What is the trend that I’m noticing here? Caterpillar. Rio Tinto. U.S. Steel locked out the workers in Hamilton for 50 weeks to destroy their pension and a bunch of other things.

Canada Post locked out their workers last year, remember, then cried crocodile tears about the disruption. And then the Harper government legislated them back to work, specifying what the wage the postal workers were going to get would be. So what kind of Machiavellian conspiracy is that? I learned long ago that just because you’re paranoid, it doesn’t mean they’re not following you, right? So that’s what it looks like. That’s what it looks like. That’s what it looks like. They didn’t have a full-fledged strike. The postal workers were trying to press them, but they didn’t have a full-fledged strike. Ninety-nine percent of the mail was getting delivered. Canada Post locks them out and then says to the government, look, the mail isn’t being delivered; you’d better legislate them back. The government legislated them back for less than Canada Post had actually offered in the last round of bargaining. It’s unconscionable.

And now, of course, tying into last night, the city of Toronto may lock out 30,000 workers as early as next month. So work stoppages aren’t a problem anymore, actually. It’s just, you know, kind of tough, necessary steps that we have to take to rationalize things, rationalize everyone in line with the new realities of this world economy that just doesn’t work.

And the same is true, of course, for government intervention, right? Governments will intervene to prevent work stoppages if they think workers might actually get something out of the work stoppage, right? But if they think companies are going to win, then the government stands back and says, this is a private matter. That’s what the Harper government spokesperson said about Caterpillar. When asked if the government would intervene, he said, no, no, this is a private matter in a private company, and government doesn’t intervene in these things. I’m still shocked that lightning didn’t come down from the sky and strike them, smite him, to use a biblical term, the moment he said that, because what was Air Canada? Air Canada’s a private corporation, and the Harper government waited about ten minutes, I think, before intervening in that one.

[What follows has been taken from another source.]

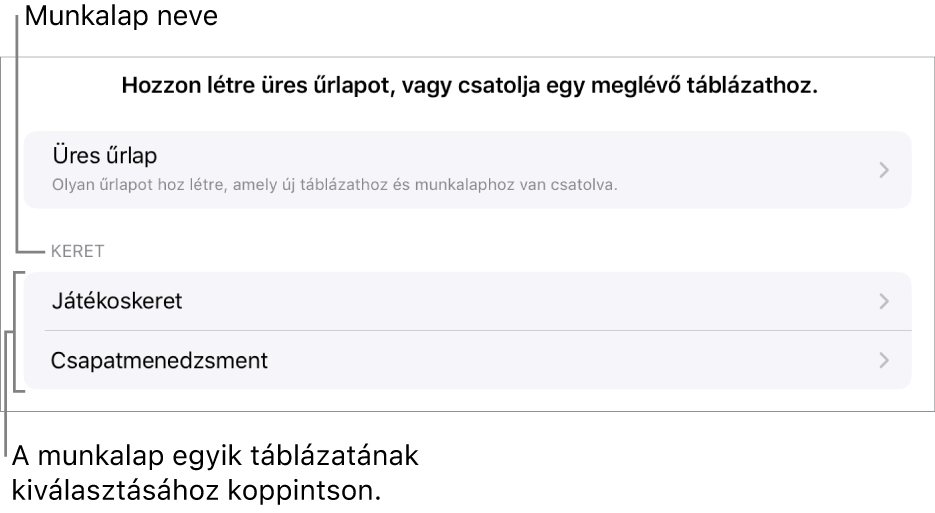 Azonos munkafüzetben megnyitott táblázatok listája, a fent található üres űrlap létrehozására szolgáló beállítással.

So here’s one funny story that again takes a page from the Occupy legacy, which is an inspiration for us all. The day before—. And it also explains why this is a lockout instead of a strike. The day before the lockout began at the end of December, Caterpillar sent a message to all the workers in London and said, you can report to work on the next workday—which I guess would have been January 3, I think, would be the workday—and if you show up to work, it means you’re accepting the terms that we’re proposing. Okay? So by showing up to produce, to do your job, okay, and earn a living to support your family, it means you’re accepting the fact that we’re going to cut your wage by 55 percent. Fifty-five percent.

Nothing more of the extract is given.